Law school is about reading, analyzing, and writing, so your gpa should reflect how well you do in those types of activities. So, a major that is unclear to outsiders as to the content of that major is not a safe choice. Admissions committee members get very concerned with applicants with high gpas in majors that seem either artistic (Dance, Theater, Design, Music (Performance)) or physical (Kinesiology, Corporate Fitness). If this is your love, minor in it or at least minor in a more traditional subject.
Admissions committees look at thousands of applicants with the same gpa. They have to distinguish them. Generally, distinguishing between majors is quite popular. High gpa in Engineering or Economics? Great. High gpa in Fashion Merchandising? Hmmm. Hard sciences stand out because so few applicants majored in the hard sciences. Criminal Justice is an odd major because I'm sure that some college students think it will help. It doesn't. Unless you want to be in law enforcement, major in something else.

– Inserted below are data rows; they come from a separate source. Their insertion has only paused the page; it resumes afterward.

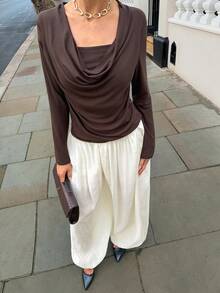 Siren Gaze Women's Spring/Summer Flowy Apricot Lantern Pants, Loose-Fitting, Casual Drawstring Harem Pants, New Spring/Summer Versatile Trousers Mediterranean Style Clothes Summer Outfits For Women Ruched - Apricot - View 5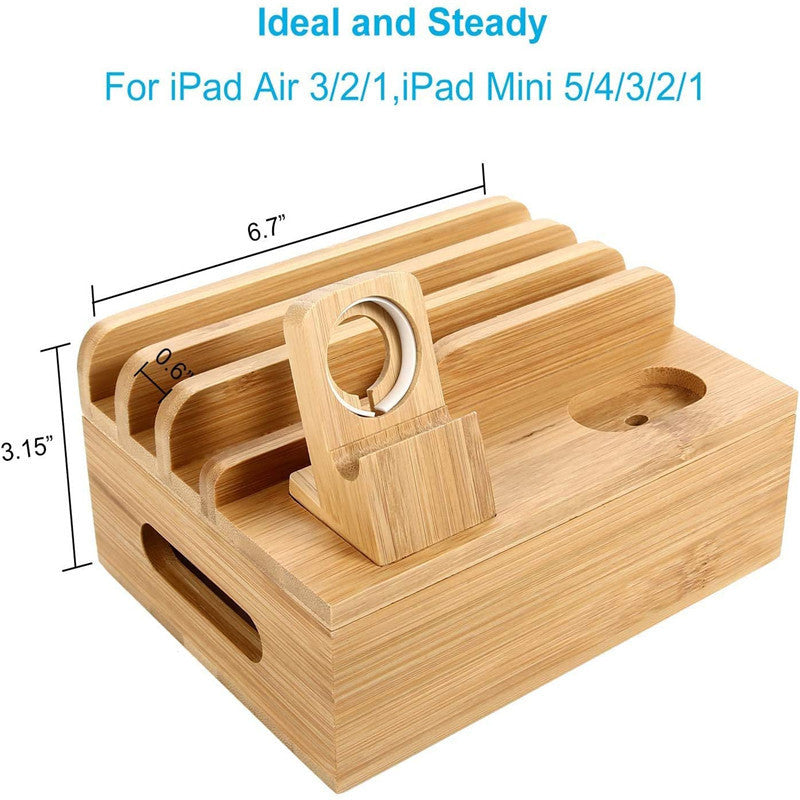 Bamboo Handicraft Mobile Phone Storage Organizer Bracket - Echo Essence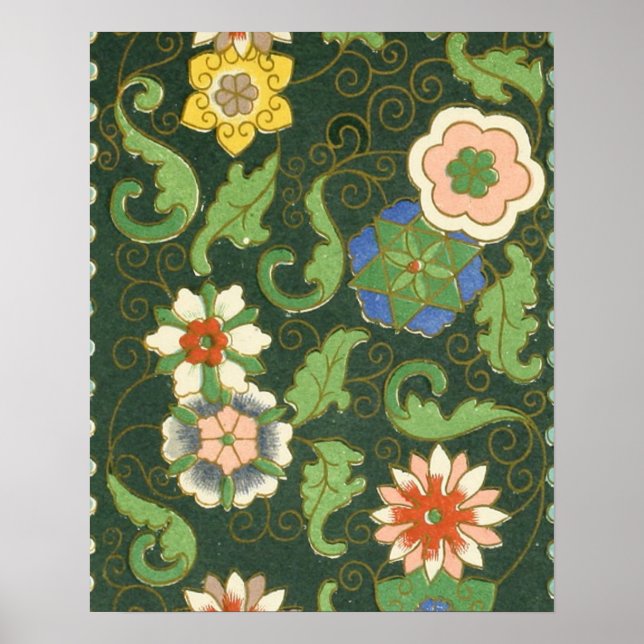 Póster Cloisonte China Patter Asiático Oriental (Frente)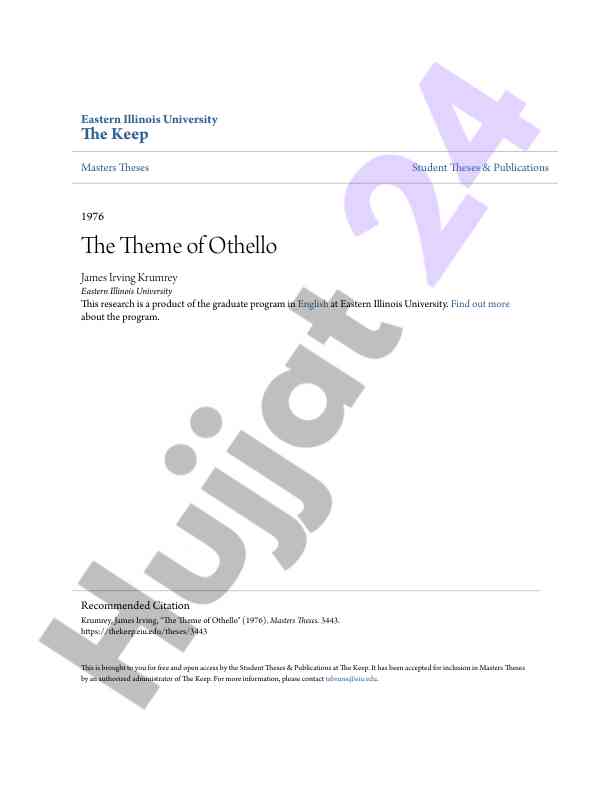 The theme of othello analysis and interpretation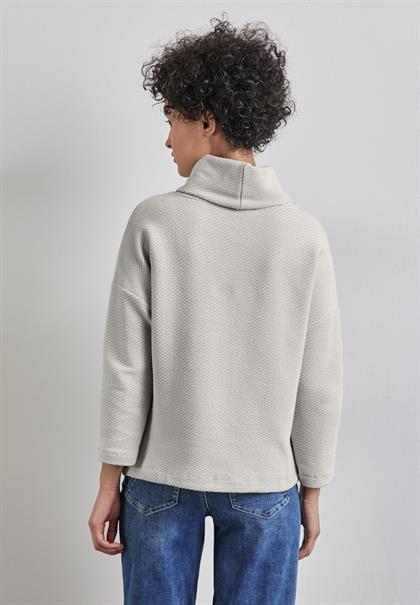 Schalkragen Strukturshirt heather grey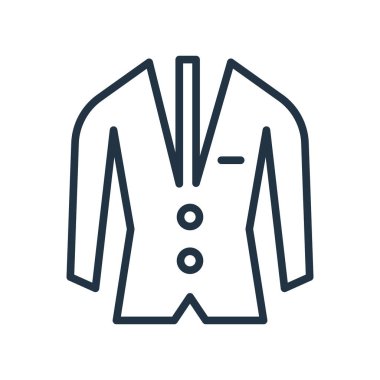 Beyaz arka plan üzerinde takım elbise şeffaf işareti izole simge vektör uygun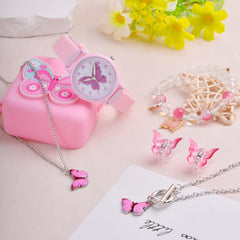 Pink Butterfly Girls Quartz Watch Set with Coin Purse Hairpin Necklace Bracelet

4. Admissions committees respect work experience. Not really. Not unless your work experience is really interesting or amazing. Then the experience stands out as an interesting or amazing thing on your resume, not because it is work experience. I find it interesting when applicants were in Teach for America, Americorps, Jesuit Volunteer Corps, or the Peace Corps. Or people who followed a dream for awhile. But no one ever says, "Given this applicant's outstanding record of service for the past two years at [Name your favorite retailer], I think he/she would be an excellent J.D. candidate."
5. You can always take the LSAT again. I'm probably the only person who believed this myth, but I'll put it here anyway. I was advised to take the LSAT without taking a prep. If I did poorly, I could always take a prep class and take the LSAT over. Well, this could have been a disaster for me if I didn't have some weird, LSAT-type mind that luckily took to the standardized test like a duck on a June bug. If not, then I would have been hosed because most, if not all, schools average your LSAT. Oh, we look at both the LSATs, but we know that the average LSAT is the one reported to the all-powerful USNWR. So, take an LSAT prep!! Yes, I know how expensive they are. Start saving now. This is probably the single most important investment you can make in your application. Unfortunately, lots of other applicants are taking a prep course, so that ratchets up the scores. Sorry.